Tuesday, September 4, 2007

No War on Corruption




I received many responses to my article (posted below) on the secret Baghdad embassy report detailing rampant corruption within the Iraqi government of Nouri al-Maliki. One veteran Middle East analyst for the U.S. government (no longer in public service) huffed, Corruption in the Middle East--big deal. A former high-ranking State Department official wondered if the leak was part of a Dick Cheney campaign to blame the Iraqis, as a prelude to withdrawing troops. (It was not.) Wayne White, a former Iraq analyst at the State Department's intelligence office, sent the following note:

This is an extremely important story. Rampant corruption at all levels of governance is yet another reason why most Iraqis have little reason to feel a sense of loyalty toward it--especially Iraq's Sunni Arabs, who, with little access to government positions or contracts since 2003, have had little access to this sort of loot.

In any situation in which so much money is available (and vulnerable)--relating both to U.S. assistance and oil-generated revenues--there will be large numbers of people helping themselves liberally. And as long as an extremely low level of enforcement exists, a sort of damaging and progressive group psychology gets set in motion: why should I refrain from this when I can see Ahmad & Jamil getting away with stealing so much money? My family needs money, too.

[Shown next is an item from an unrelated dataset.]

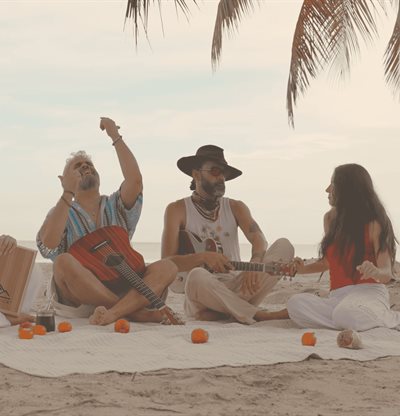 Repetir: la colaboración de Daniel Santacruz y EliaCiM que evoca deseo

Another psychological factor might relate to the iffy nature of the entire situation in Iraq. In other words, there have been situations in the past during which government officials with the ability to steal feared that their tenure might not be as long as they would like, and they resorted to unusually high levels of theft in order to get what they could while they could. Even if it turns out later that they were wrong about the tenuousness of their tenure, the habit has become established and the corruption tends to continue at high rates without the sense of urgency.

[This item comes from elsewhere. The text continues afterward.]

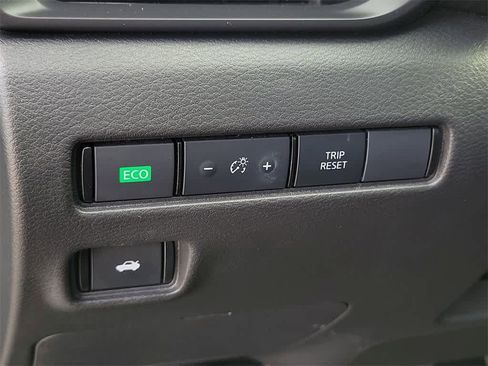 Used 2024 Nissan Sentra S image 20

Finally, for those who have gained positions of power that were previously denied them (such as Iraqi Shi'a, for example), there is a sort of self-justifying revenge syndrome, for lack of a better description: I have every right to take as much as I want because I was entitled to far more during the many years when I was downtrodden.

I expect no miracles on the enforcement front with respect to this mess for many of the same reasons dogging other aspects of Iraqi governance, so this will remain a significant drag on government revenue as well as the translation of such revenue into results on the ground.


If the Maliki government is a cesspool of corruption, as the U.S. embassy report indicates, and little is being done about this, as the report also indicates, it seems the Bush administration will have a hard time turning anything around. Why should U.S. soldiers die (and kill) to help a government ripping off the Iraqis? Sure, one can come up with various "strategic" reasons. (We can't let Iran take full control of Iraq, etc.) But the ground truth is that Americans are dying in part to help a government of crooks and schemers. Given the difficult circumstances of Iraq, it's tough to see how the United States can succeed in Iraq when the government it supports is rotten.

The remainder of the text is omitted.